The judges for the competition were Chuck Ainlay, Joe Barresi, Frank Filipetti, Mike Fraser, Chris Kimsey, Chuck Meyers, Elliot Scheiner, and Al Schmitt, who evaluated the recordings on their overall fidelity, clarity, and sonic balance-as well as creativity in selection and placement of microphones.
"It's always great to give back to the business that's provided me with so much enjoyment,” comments Ainlay. “I see the same spirit in the work these students submitted to the contest that I'm encouraged for the future of recorded music. I applaud Shure for creating the platform where students from across the country can gain crucial evaluations and a better understanding of the art of recording."
In addition to the Texas State University team, there were nine other competing teams from Anderson University, Biola University, Butler University, California State University (Chico), Middle Tennessee State University, Ohio University, The Hartt School at the University of Hartford, the University of New Haven, and the University of South Carolina School of Music.
The runner-up in this year’s competition was the team from The Hartt School at the University of Hartford and the students from Biola University received an honorable mention.
Each of the 10 student teams worked on a recording project that consisted of tracking and mixing a performance, exclusively using a “microphone locker” provided by Shure for the competition. Teams submitted a stereo mix for review by a panel of industry professionals who were selected by Shure to judge the competition.
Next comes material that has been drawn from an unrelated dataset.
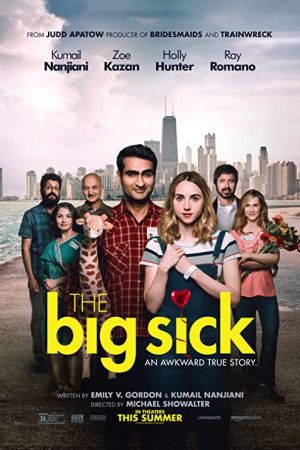 The Big Sick 2017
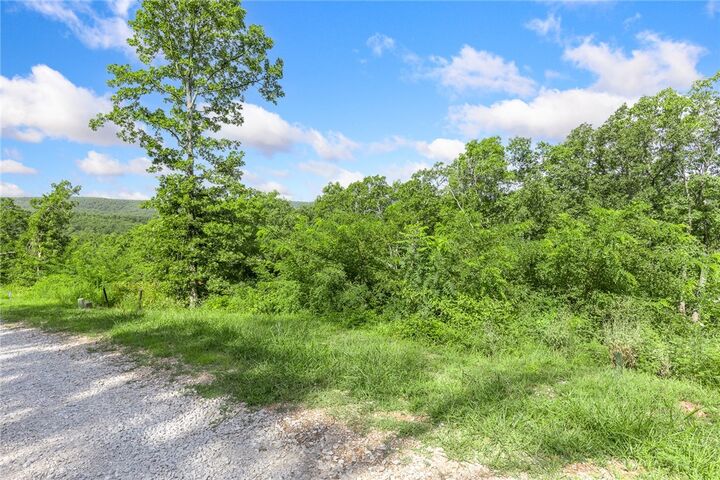 Property Photo: Lot 25 Peaceful Place AR 72601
“Using the Shure microphones actually gave them as many if not more choices than they would normally have when they come in to do a recording project,” says Mark Erickson, the team’s faculty advisor. “My experience with Shure mics has been a lot of [SM] 57s and [SM] 58s, of course…but they were also talking about the SM7…they liked that one. Based on what they’ve said, I’m pretty excited to hear what the KSM44 sounds like.”
The winning team used all of the microphones in the locker provided by Shure to create their project, but the students definitely had a few favorites and they gained experience with some microphones that none of them had previously used.
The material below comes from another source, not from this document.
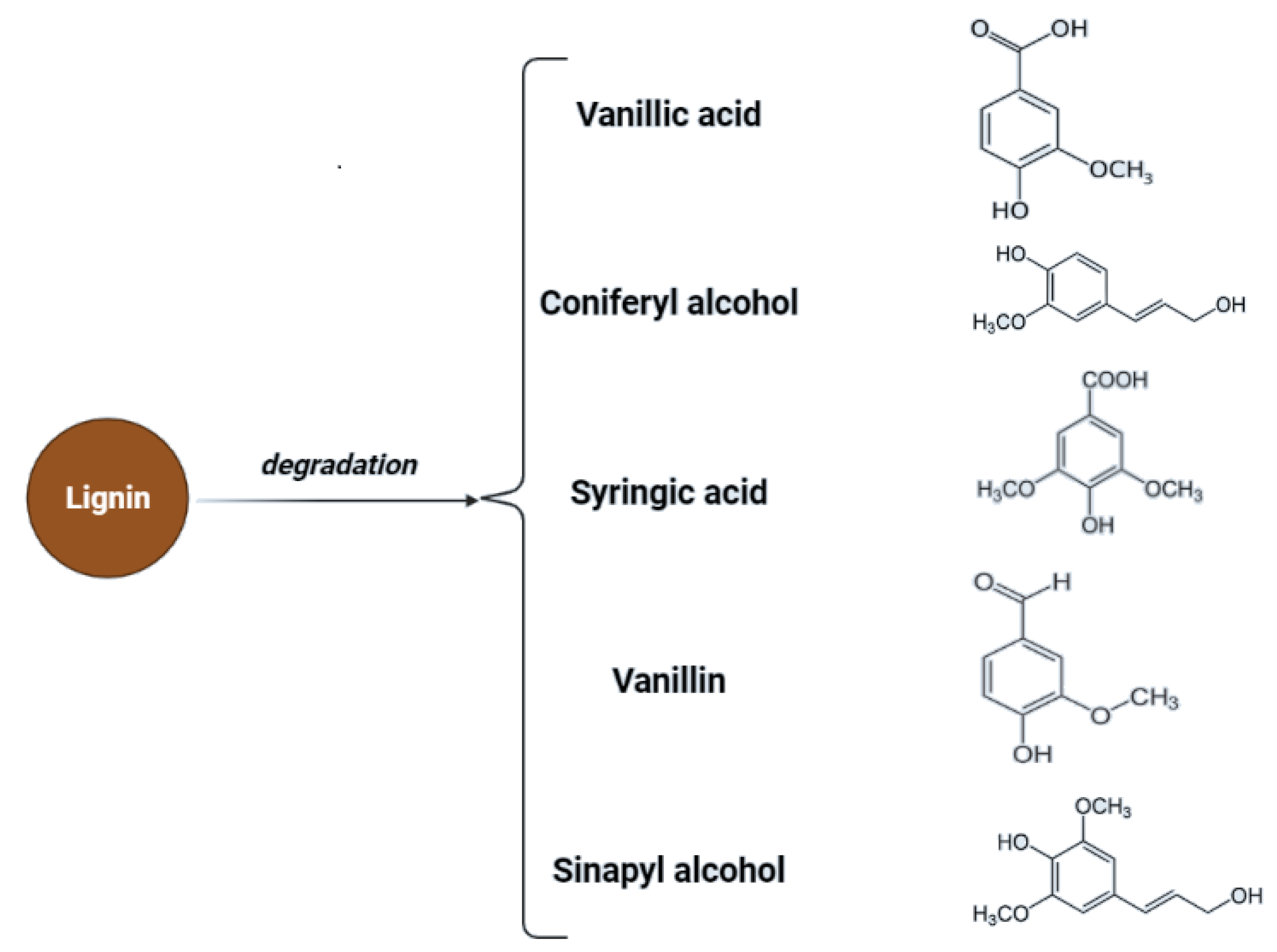 Molecules 27 07658 g002 Molecules 27 07658 g002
“I like the SM7 for vocals…rock vocals,” comments senior Joel Cowen.
“I hadn’t really ever used many Shure condenser mics, but we put the [KSM] 44s on everything, lots of stuff…guitars, vocals,” added sophomore Adam Brisbin. “It gave a really clear, really nice sound.”
“You know, if I need a good snare sound I don’t hesitate to grab a [SM] 57,” says senior Jordan Lott. “I know it’s going to sound good and I’m not going to have to worry about there being any problems with it. You know it’s going to work.”
As the winning school, the Texas State takes ownership of the entire Shure Microphone Locker, which consists of: (1) Beta 52Aâ, (1) Beta 91, (3) Beta 98D/Ss, (2) KSM27s, (2) KSM32s, (2) KSM44s, (2) KSM141s, (4) SM57s, (1) SM7B, (1) VP88, and (1) A27M. The entire microphone package is valued at more than $12,000. In addition, a donation of $3,000 towards a scholarship fund will be awarded to the winning school, and each member of the winning team will receive a KSM27, valued at $575.